Sodhi admitted that she came across several men who disapproved that she was a woman who went where ever she wanted while they had to ask their parents for permission. She also had to suffer through people's taunts such as, "solo traveller ho toh poori zindagi solo hi rehna".
Sodhi added, "I don't know if male solo travellers get this much hate - but, I have noticed a lot of people feel jealousy and insecurity when a woman lives her life to the fullest."

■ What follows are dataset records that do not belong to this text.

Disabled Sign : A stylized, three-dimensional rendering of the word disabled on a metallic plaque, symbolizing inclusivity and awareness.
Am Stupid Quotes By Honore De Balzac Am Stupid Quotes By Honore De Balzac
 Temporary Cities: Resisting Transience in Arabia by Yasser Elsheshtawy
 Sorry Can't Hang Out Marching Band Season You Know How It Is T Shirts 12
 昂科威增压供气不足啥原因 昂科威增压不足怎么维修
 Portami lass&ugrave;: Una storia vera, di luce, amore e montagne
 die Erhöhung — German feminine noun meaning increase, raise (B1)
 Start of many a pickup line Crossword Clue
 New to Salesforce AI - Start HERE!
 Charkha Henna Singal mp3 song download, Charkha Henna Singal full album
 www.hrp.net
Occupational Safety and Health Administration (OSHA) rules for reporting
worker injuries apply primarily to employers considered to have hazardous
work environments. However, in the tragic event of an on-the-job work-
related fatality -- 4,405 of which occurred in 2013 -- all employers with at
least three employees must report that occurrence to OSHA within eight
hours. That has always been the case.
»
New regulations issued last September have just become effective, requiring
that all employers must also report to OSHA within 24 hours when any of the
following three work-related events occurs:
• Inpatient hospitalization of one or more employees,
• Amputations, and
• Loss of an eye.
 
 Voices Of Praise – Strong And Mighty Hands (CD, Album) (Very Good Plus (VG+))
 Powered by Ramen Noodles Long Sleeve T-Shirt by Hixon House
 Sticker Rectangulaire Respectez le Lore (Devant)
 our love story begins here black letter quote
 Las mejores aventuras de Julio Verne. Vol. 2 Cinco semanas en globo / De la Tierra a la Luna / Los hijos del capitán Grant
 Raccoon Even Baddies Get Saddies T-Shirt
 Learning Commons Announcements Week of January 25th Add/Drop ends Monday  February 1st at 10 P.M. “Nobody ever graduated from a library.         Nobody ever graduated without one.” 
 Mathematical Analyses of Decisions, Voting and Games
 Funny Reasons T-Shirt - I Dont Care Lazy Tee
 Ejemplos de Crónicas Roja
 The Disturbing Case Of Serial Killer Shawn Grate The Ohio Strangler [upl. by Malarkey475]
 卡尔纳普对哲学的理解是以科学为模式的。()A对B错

Travelling solo for a year may have been an enriching experience, but it also took a toll on Sodhi's physical and mental health. Having to uproot herself as soon as she began to settle into a place took its toll, and there were times when Sodhi felt down in the dumps.
However, the avid traveller pushed through by promising to "surrender to the process for the whole year and go with the flow". Her goal of writing a memoir about the journey motivated her to keep going and not quit halfway through her year-long journey.
"Sometimes you need to willingly give up the illusion of being in control," said Sodhi.
Advice To Women Who Want To Take Up Solo Travel
Sodhi advised women to travel solo a few times to understair their capabilities. She said, "It's important to learn how to enjoy your company. When you travel solo, you finally understand you don't need to use people you already know as crutches - you are perfectly capable of doing anything you want alone, and that's a liberating realisation to arrive at."